The evidence for these systems is more mixed than the headline diagnostic AI results. A 2021 study of a sepsis prediction algorithm deployed across hospitals in the University of Michigan system found that the algorithm generated alerts for a large number of patients who did not develop sepsis and missed a significant number who did — a false positive rate and false negative rate that, when examined alongside the alert fatigue it generated in clinical staff, raised serious questions about net clinical benefit. Subsequent studies of other EHR-integrated AI systems have found similar patterns: algorithms that perform well on the retrospective datasets used to train and validate them show reduced and variable performance in prospective deployment, partly because healthcare data is messier and more varied in real-world use than in curated research datasets.

05 — The Health Equity Question

The health equity implications of AI in medicine are the topic that receives the least coverage relative to its importance, and the most important thing this episode can add to the breathless innovation coverage that dominates the field.

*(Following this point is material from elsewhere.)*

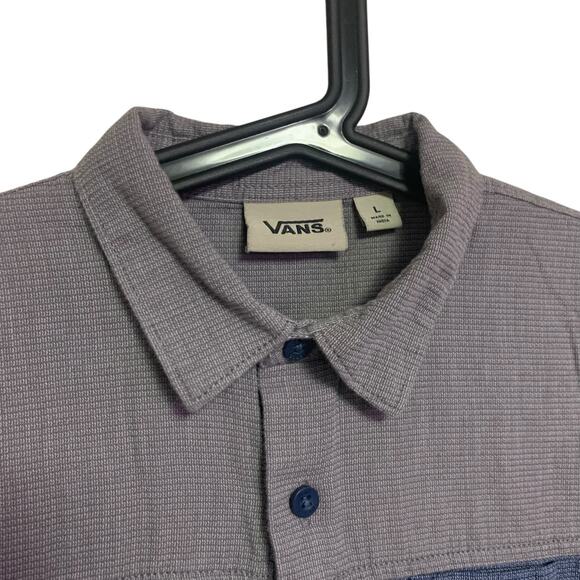 Vans Off The Wall 2-Tone Button Down Shirt Boys Size L - Picture 3 of 7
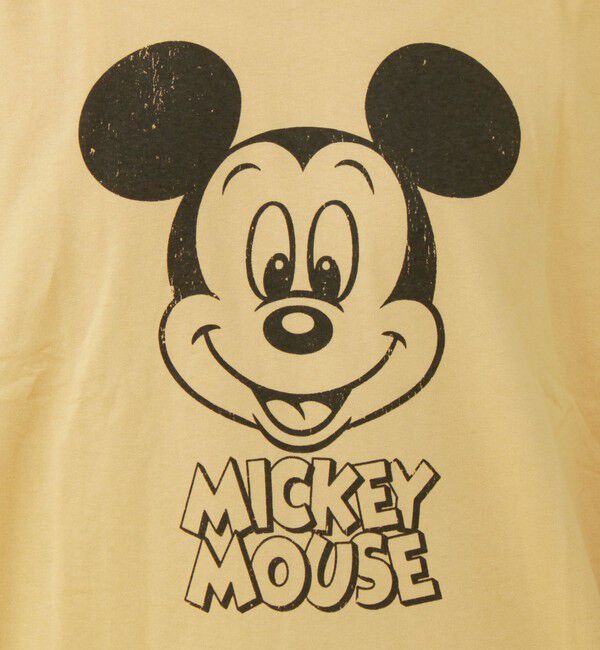 GLOSTER「【前後で映える】ミッキーフェイス＆ロゴプリントT」|Tシャツ・カットソー|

Medical AI systems are trained on data from the healthcare systems in which they are developed — overwhelmingly the healthcare systems of wealthy countries, with patient populations that reflect the demographics of those systems. The result is AI tools that perform best for the populations best represented in training data — typically white, typically affluent, typically in high-income countries — and worse for populations that are underrepresented. Pulse oximeters, widely deployed and trusted clinical tools, were recently found to overestimate blood oxygen saturation in patients with darker skin tones at a rate that led to delayed treatment of hypoxia. AI systems built on physiological training data that inherits this bias will propagate it.

The global health equity dimension is starker. The AI drug discovery platforms developing the next generation of treatments are funded by the pharmaceutical industry and oriented toward the conditions — cancer, metabolic disease, neurological conditions — that generate the largest revenues in wealthy-country healthcare markets. Neglected tropical diseases, which affect hundreds of millions of people in low-income countries, attract a small fraction of AI-assisted drug discovery investment proportional to their disease burden, because the commercial model does not produce adequate return. The AI healthcare revolution, as currently constituted, is disproportionately a revolution in healthcare for the already well-served.

Continued Tomorrow

Tomorrow we are going somewhere that connects AI's role in medicine to a broader question about trust in institutions — specifically the relationship between technology companies and the scientific publishing and research ecosystem. Who funds AI research, what gets published, what gets suppressed, and whether the replication crisis in science is being made better or worse by the AI tools now being used to conduct and evaluate it. See you then.

⚡ About This Series

Switched On is a daily technology series covering the ideas, systems, and arguments shaping the digital world. Opinionated. Witty. Occasionally wrong. Always worth the argument.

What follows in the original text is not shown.